A study done by the National Institute of Health NIH observed that insomnia further deteriorates the health of people suffering from Chronic Obstructive Pulmonary Disease.
Chronic obstructive pulmonary disease (COPD) is an inflammatory lung disease that causes breathing difficulty, cough, mucus production, and wheezing. COPD is usually caused by tobacco smoking or exposure to irritating gases. In the United States, 16 million people are affected by COPD which is a leading cause of death.
Pollutants or flu viruses can trigger COPD flare-ups or exacerbations which last for days or even weeks. The immune system of any person is highly affected by poor sleep and can deteriorate their health, making them disease-prone. Nevertheless, people with COPD have likely more chances of vulnerability.
“Knowing how people sleep at night will tell me a lot more about their risk of a flare-up in people who already have COPD than knowing whether they smoked for 40 or 60 years,” said Aaron Baugh, M.D., a clinical colleague there at the University of California at San Francisco Medical School and a practicing pulmonologist. “That’s a major surprise, but it’s not something I predicted going into this study.” “Smoking is such an important part of COPD, I would have expected it to be the most important predictors of exacerbations,” says the researcher.
The people taken under the observation for the research were current or former tobacco smokers with confirmed diagnoses of COPD. More than 1500 people were studied minutely for this research.
The COPD outbursts were compared with the participants’ sleep quality over three years. The researchers analyzed the timing of sleep, duration of sleep, and the frequency of disturbances of the participants among other tools. The researchers analyzed how a person’s risk for flare-ups changed after one year.
The researchers found out that poor sleep quality was linked to an increase in COPD flare-ups in the participants.

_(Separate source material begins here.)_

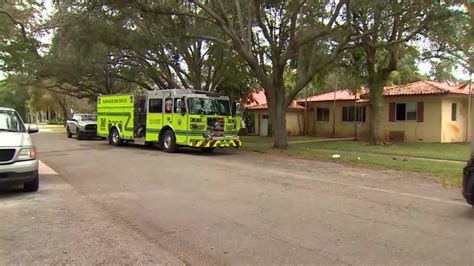 Crews put out fire that ignited in bedroom of Miami Shores home; no injuries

The study showed that the participants with the worst sleep quality had around 95 chances of increased COPD flare-ups while the participants who were at the base level of poor sleep were having 25% increased chance of COPD flare-ups.
Aaron Baugh, the lead study author, said that according to previous studies which report black Americans to experience worse sleep than other races or ethnicities, it is obvious why black Americans were reported with higher COPD flare-ups than other races during the research.
The study was funded by the National Heart, Lung, and Blood Institute (NHLBI), part of the NIH, and suggests that the sleep quality of a person can better predict COPD flare-ups than the history of smoking.
This study, according to Marishka Brown, Ph.D., head of the NHLBI’s National Center for Sleep Apnea Study, is a significant milestone. “Sleep as a modulator of COPD outcomes has not been substantially investigated,” Brown added. “This research adds to a growing body of evidence highlighting the negative impact of inadequate sleep on overall health, but especially in patients with life-threatening pre-existing illnesses like COPD.”